_Your goal_. Copy, word for word, the lines of the entries below between the one with "Spooky Gathering on" and the one with "Cotton Knit Cardigan", inclusive, and leave out everything else.
-- Records for the exercise follows --
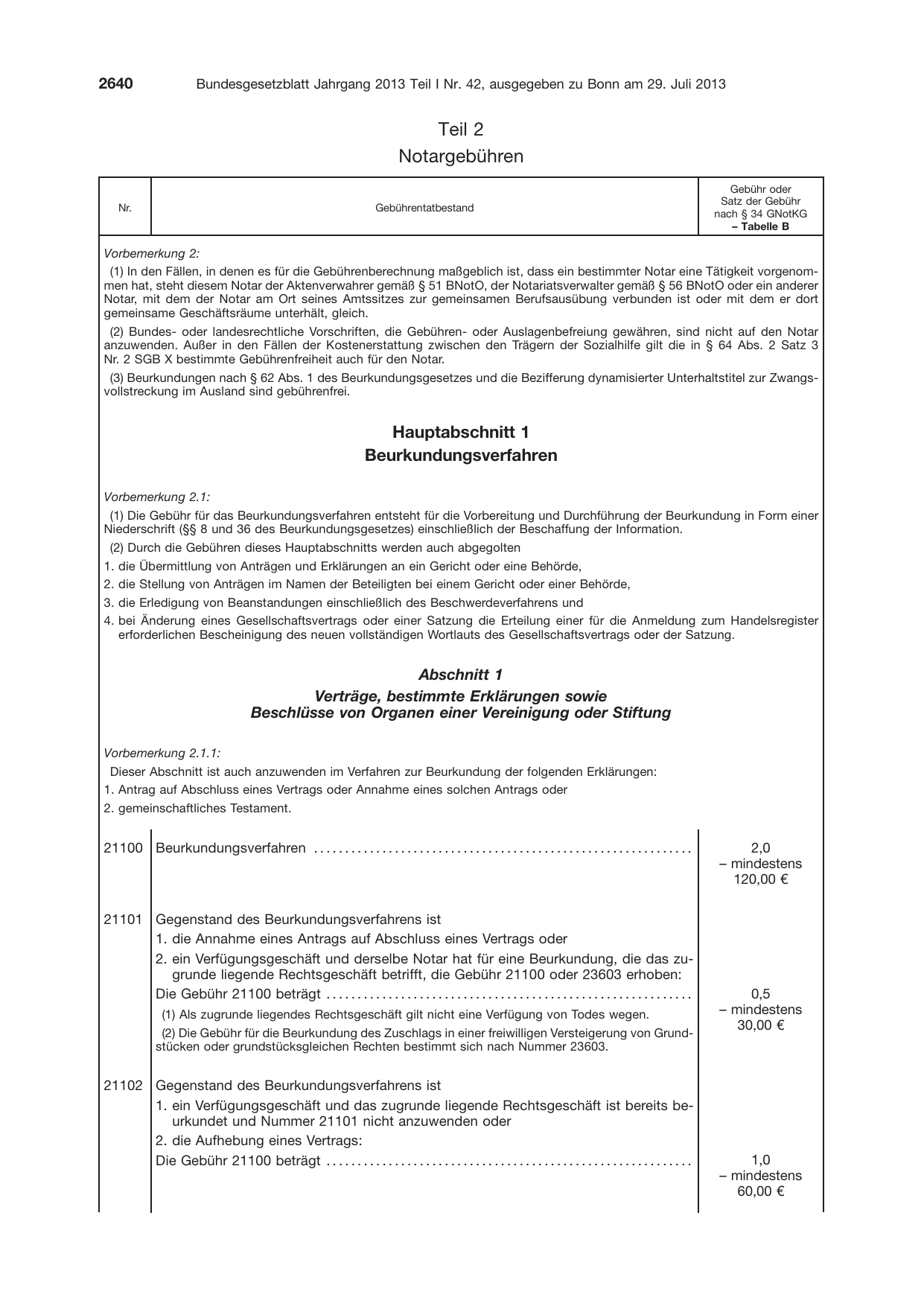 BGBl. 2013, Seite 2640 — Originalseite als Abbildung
-- Records for the exercise concluded --
-- Records for the exercise follows --
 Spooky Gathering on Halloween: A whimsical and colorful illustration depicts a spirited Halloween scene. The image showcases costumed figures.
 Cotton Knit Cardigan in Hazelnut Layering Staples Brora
-- Records for the exercise concluded --
_Reply_.
 Spooky Gathering on Halloween: A whimsical and colorful illustration depicts a spirited Halloween scene. The image showcases costumed figures.
 Cotton Knit Cardigan in Hazelnut Layering Staples Brora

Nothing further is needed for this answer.